Highly entertaining! A great summer escape.
Also purchased audio narrated by Cassandra Campbell, one of my favorite narrators!
June Top Reads
“Posh Manhattanite Catherine West has everything but the family she's always wanted. But when she falls for the man of her supposed dreams, she unravels a web of deception that upends life as she knows it… Mesmerizing… As elegantly plotted as it is—and it is—Huntley's debut stands out not for its thrills but rather for her hawkish eye for social detail and razor-sharp wit. It is more than a classic psychological thriller: it is also a haunting—and weirdly moving—portrait of love and family among Manhattan's flailing upper crust. An intoxicating escape; as smart as it is fun.”
—Kirkus (STARRED REVIEW)
“Swan Huntley intimately explores the psyche of a 43-year-old, still single, affluent New Yorker in her first novel, We Could Be Beautiful…Aspects of deception and greed are suspenseful undercurrents that propel this well-plotted, seductive psychological thriller. Huntley has created a riveting yet flawed heroine in whom readers will eagerly invest as she is forced to unravel the truth about a man who seems too good to be true and a shrouded past that may hold the key to her future.”
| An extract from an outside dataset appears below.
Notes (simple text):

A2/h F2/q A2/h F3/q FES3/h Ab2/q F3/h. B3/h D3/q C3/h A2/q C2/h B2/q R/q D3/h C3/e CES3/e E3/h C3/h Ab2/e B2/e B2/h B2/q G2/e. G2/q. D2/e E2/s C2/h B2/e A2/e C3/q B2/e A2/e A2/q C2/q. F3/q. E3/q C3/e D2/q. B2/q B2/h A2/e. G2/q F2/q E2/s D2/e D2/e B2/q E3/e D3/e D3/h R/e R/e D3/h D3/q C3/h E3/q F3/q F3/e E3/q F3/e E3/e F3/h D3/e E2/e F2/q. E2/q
—Kathleen Gerard, Shelf Awareness
“Love, money, and secrets collide in this intoxicating debut novel… Will make your head swirl.”
—Melissa Ragsdale, Bustle
“This psychological thriller will keep you up all night turning pages.”
—Elizabeth Rowe, Bookish
“Catherine West is the woman we all love to hate: Beautiful, rich, and self-absorbed. When William Stockton appears to make her his bride, Catherine does her best to keep his shady past at bay, but it catches up with them in the end.”
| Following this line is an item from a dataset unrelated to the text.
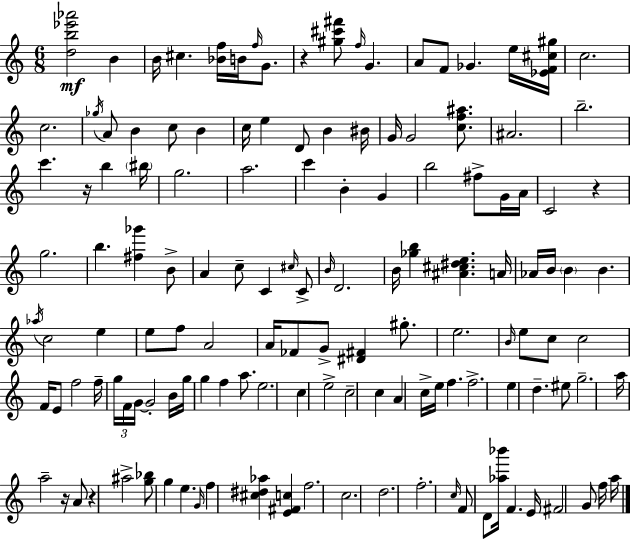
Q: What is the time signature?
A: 6/8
—Meganne Fabrega, Minneapolis Star-Tribune
“Full of secrets and a quickly moving plot, We Could Be Beautiful is the perfect addition to your reading list, and the perfect book for fans of The Girl on the Train.”
—Amy Sachs, Bustle
"Here's a thriller we can sink into. Deeply psychological and nuanced, Huntley's We Could Be Beautiful follows one wealthy Manhattan woman who has nearly everything. The one thing she lacks, however, is a relationship. That is, until her white knight comes along one evening. But it never quite works out that way, does it? (Not in a book like this, certainly.) Huntley's novel is a twisting, turning, secret-filled story that's worthy of your precious summer reading time."
—Meredith Turits, Elle
“We Could Be Beautiful is a sexy psychological thriller about wealth and class and the endless mysteries of romantic engagement. At the heart of Swan Huntley’s sly and witty debut is the unsettling question that anyone who’s ever been in love has wondered about the person they've given their heart to: Who are you?”
“Sharp, hilarious and thrillingly unsettling. This well-crafted page-turner about a woman trapped in a gilded cage of her own creation is a sheer pleasure to read; it's also complex and multilayered, much like the characters that inhabit it.”
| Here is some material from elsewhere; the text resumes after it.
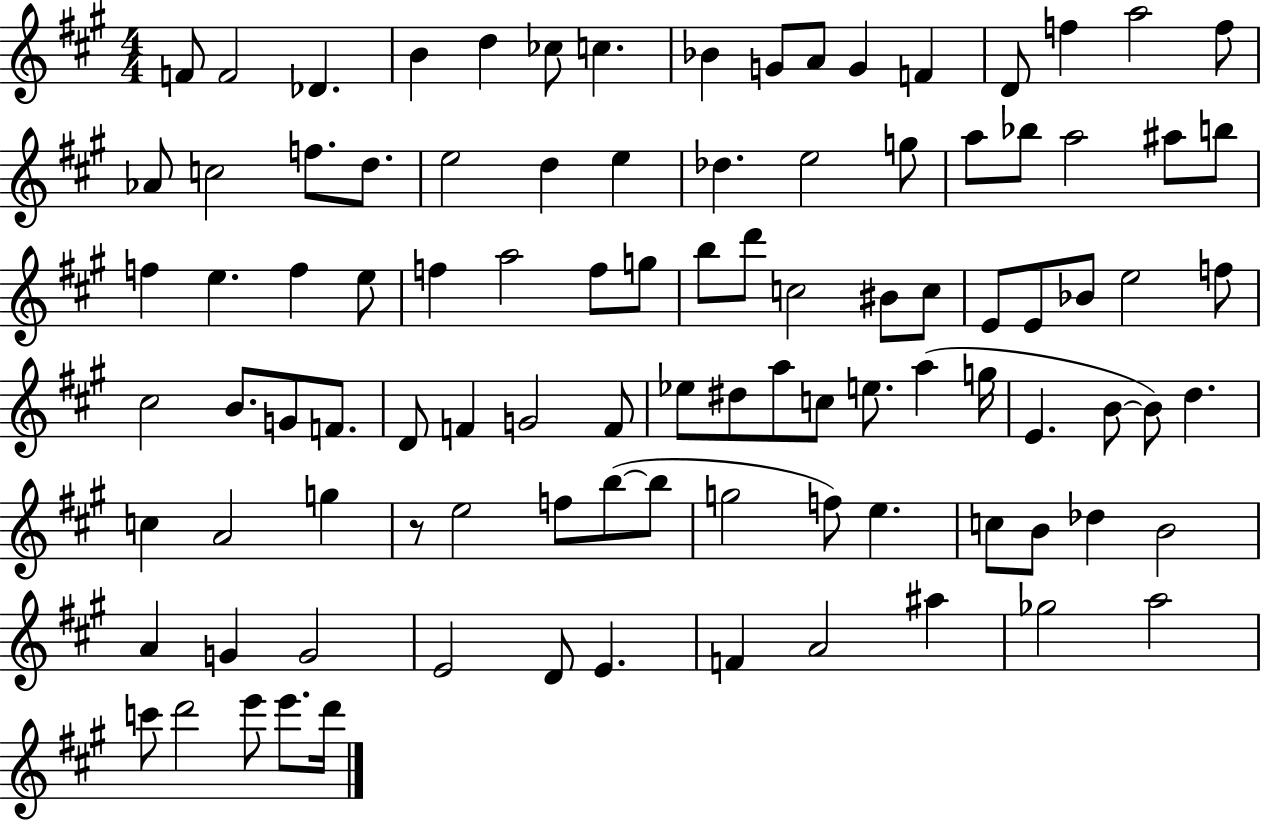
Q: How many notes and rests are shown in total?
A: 99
—Stephanie Clifford, New York Times bestselling author of Everybody Rise
"A terrifically smart, funny, tender debut from the absurdly talented Swan Huntley. With astonishing acuity and compassion, she locates all the foibles and frailties and unexpected moments of courage that make us human. Beautiful, indeed."
—Stacey D'Erasmo, author of Wonderland
"We Could be Beautiful is a hilarious look at the wealth and excess of Upper East Side families and the secrets they keep. Part satire, part page-turner mystery, it skewers first, then reveals a yearning heart pounding at its core."
—Diane Cook, author of Man V. Nature
About the Author
Swan Huntley earned her MFA at Columbia University. She's received fellowships from the MacDowell Colony and the Ragdale Foundation. She lives in California and Hawaii.